Required action: Restate word for word each line from the one containing "MG HS 1.5 Hybrid+ Luxury" through the end of the material, and nothing more. Drop every picture.

□ □ □ □ □ □ □

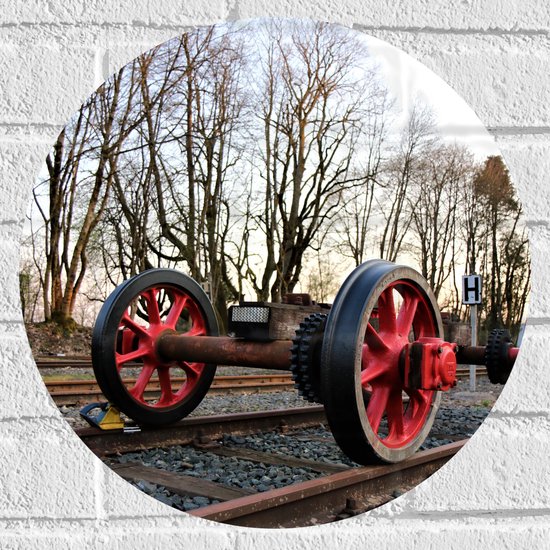 Muursticker Cirkel - Onderstel van Voertuig met Rode Wielen in Kaal Bos - 40x40 cm Foto op Muursticker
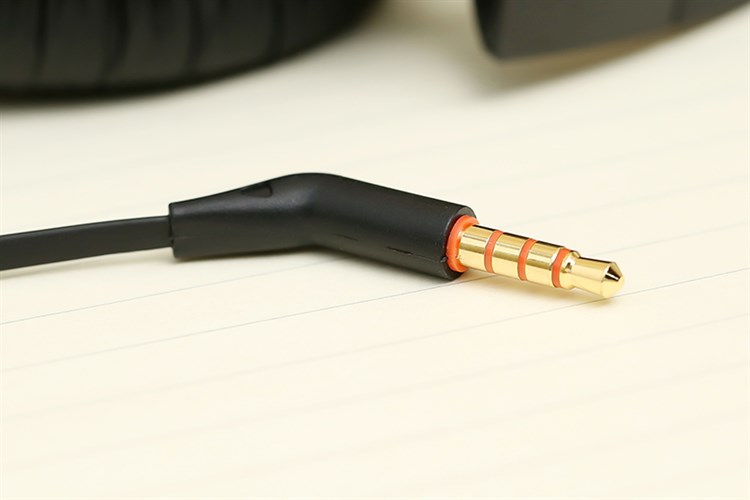 Tai nghe Có Dây Chụp Tai JBL Tune 500 Màu Đen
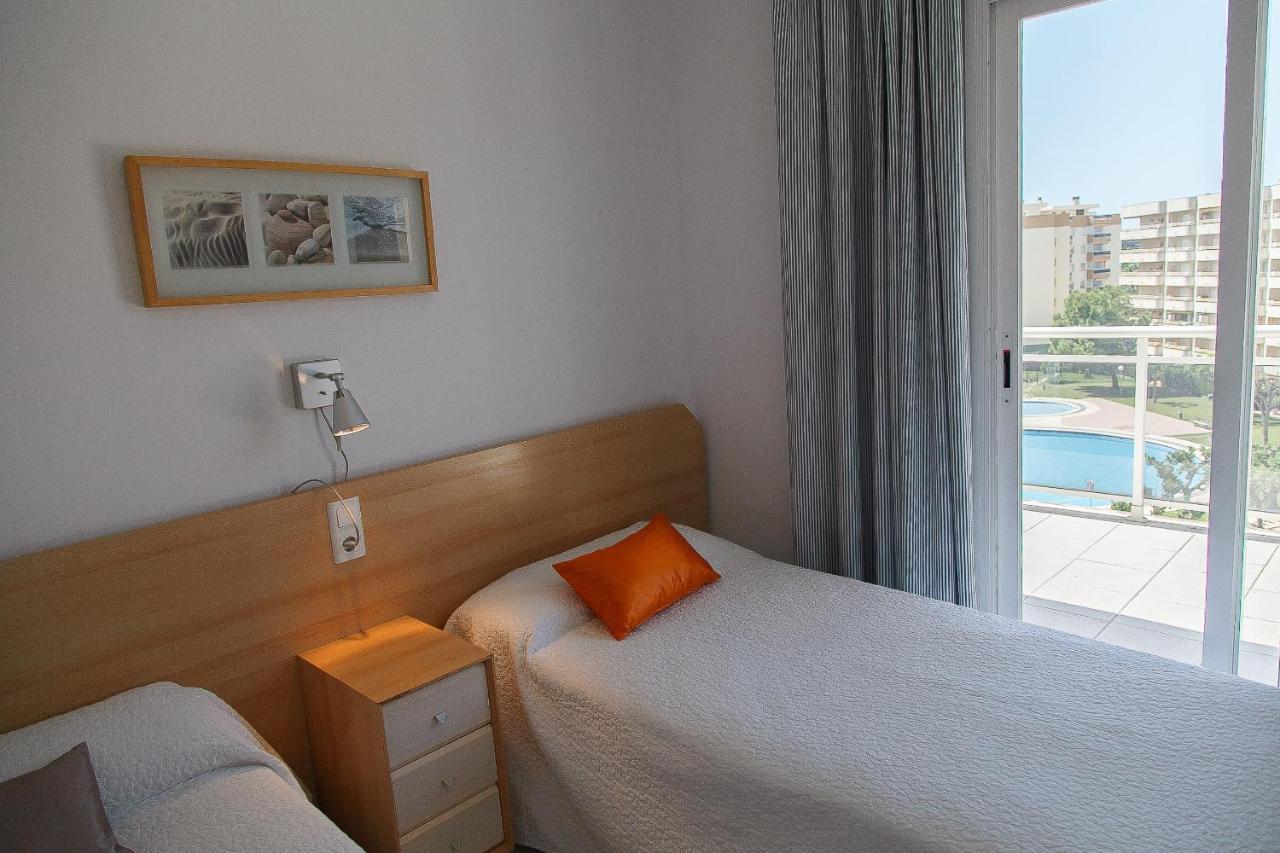 Uhc Ventura Park Apartments Салоу Екстериор снимка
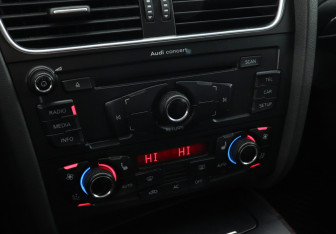 Подержанный автомобиль Audi A4 Sedan 2011 года (10 фото)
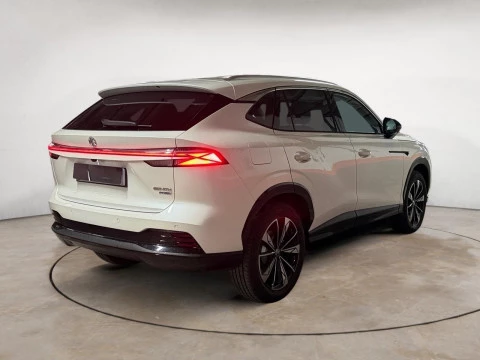 MG HS 1.5 Hybrid+ Luxury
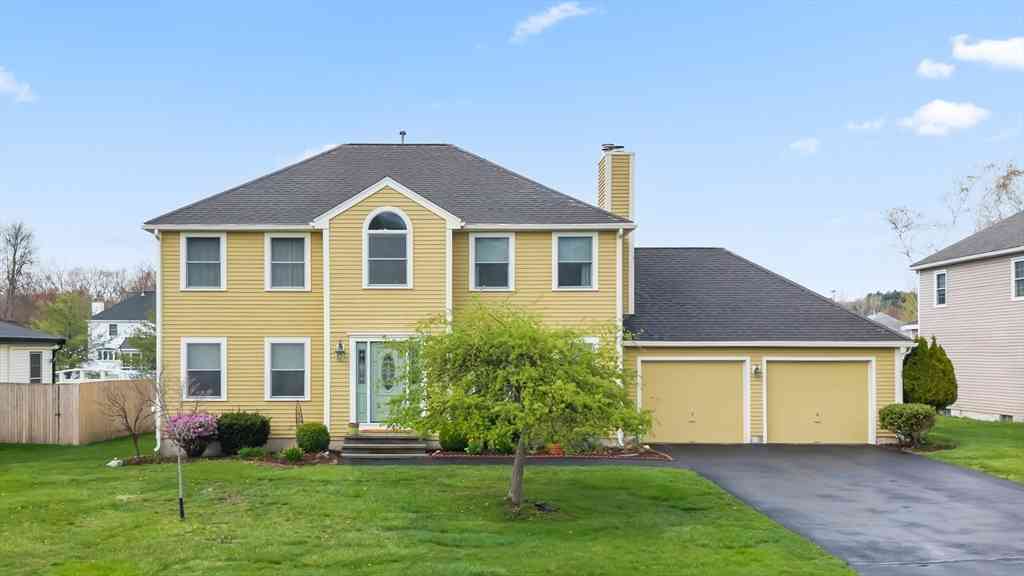 Homes For Sale - 6 Crane Cir<br/> Shrewsbury, MA 01545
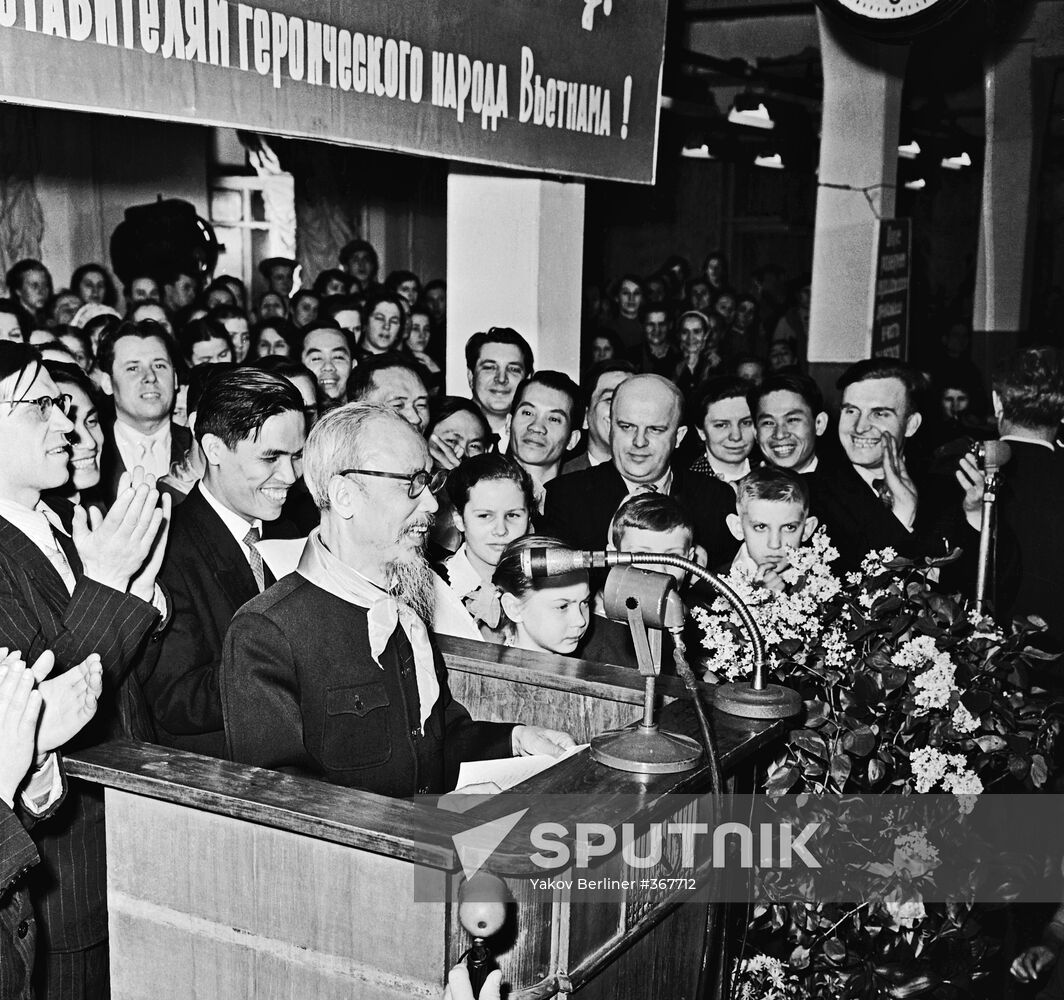 Ho Chi Minh addresses workers of the Parizhskaya Kommuna shoe factory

□ □ □ □ □ □ □

Your solution:
 MG HS 1.5 Hybrid+ Luxury
 Homes For Sale - 6 Crane Cir<br/> Shrewsbury, MA 01545
 Ho Chi Minh addresses workers of the Parizhskaya Kommuna shoe factory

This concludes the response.